Também a edição mais recente do City Journal de Nova Iorque (Winter 2017, Volume 27, Number 1) publica um artigo sobre a Tradição dos Grandes Livros. Sob o título “A Republic in the Atlantic”, Miguel Monjardino (que lecciona Tucídides no IEP-UCP) relata a extraordinária experiência de estudo dos grandes livros que vem promovendo na Ilha Terceira com alunos do 10º, 11º e 12º anos.
Escrevendo em 1968 sobre a “educação liberal” — no sentido medieval das “Artes Liberales” e do estudo das grandes obras —, Leo Strauss dizia:
“A educação liberal é o remédio contra o veneno da cultura de massas, contra os efeitos corrosivos da cultura de massas, contra a sua tendência intrínseca para produzir ‘especialistas sem espírito ou visão e voluptuosos sem coração’. […] A educação para a gentlemanship, para a excelência humana, a educação liberal consiste em recordar a cada um de nós a excelência humana, a grandeza humana. […] A constante conversação com as grandes obras ensina-nos a mais elevada forma de modéstia, para não dizer humildade.
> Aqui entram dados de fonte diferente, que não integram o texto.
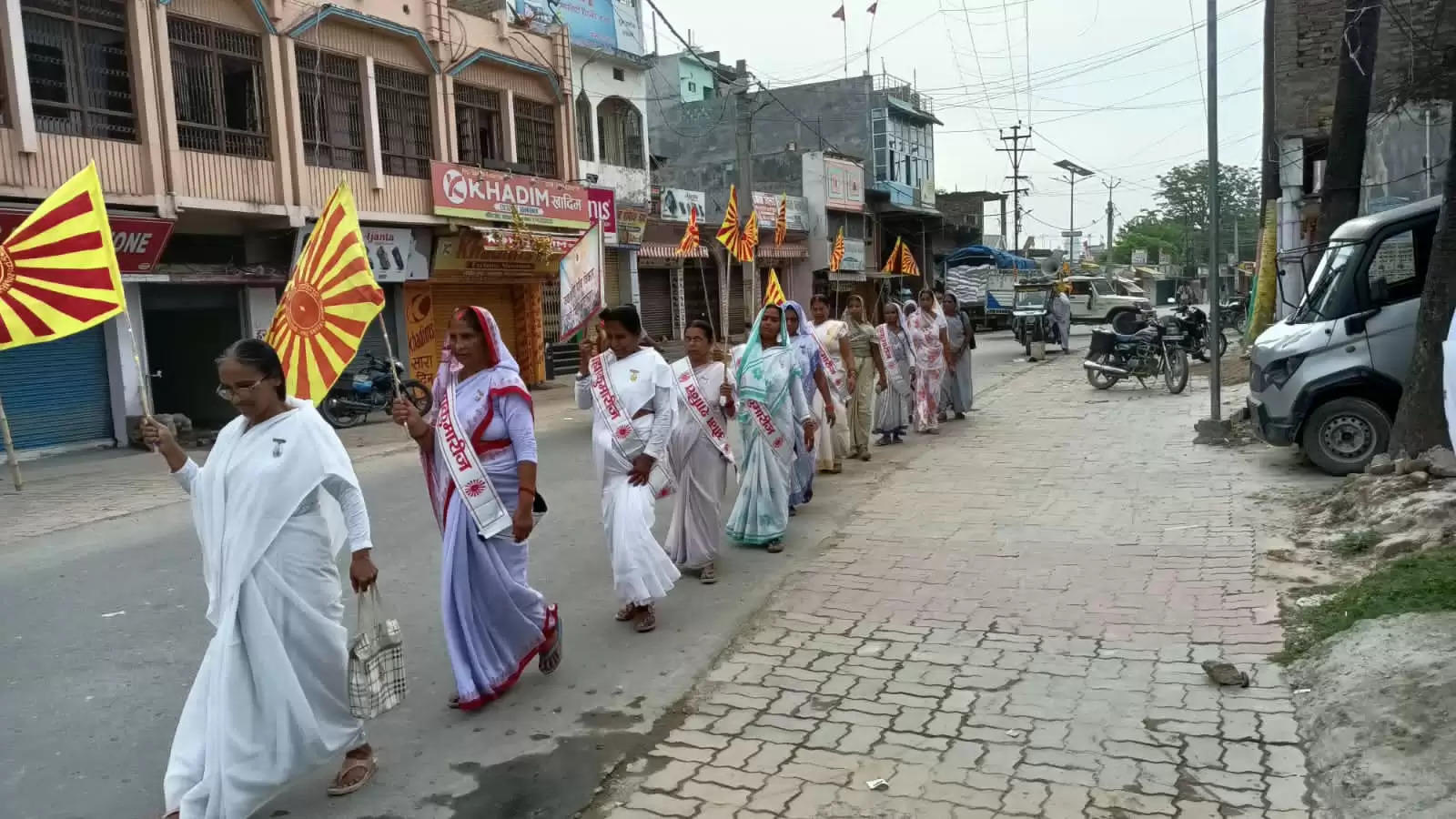 व्यसन मुक्ति दिवस पर ब्रह्माकुमारी की बहनो ने निकाली जागरूकता यात्रा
Ao mesmo tempo, exige-nos uma ruptura completa com o ruído, a pressa, o vazio e a vulgaridade da Feira de Vaidades dos intelectuais, bem como dos seus inimigos. […] A educação liberal é a libertação da vulgaridade (…) e a oferta da experiência com as coisas belas. […] Por esta via, pode talvez voltar a ser verdade que as pessoas educadas liberalmente venham a ser pessoas moderadas.” (Leo Strauss, Liberalism: Ancient and Modern, with a Foreword by Allan Bloom, The University of Chicago Press, 1968/1995).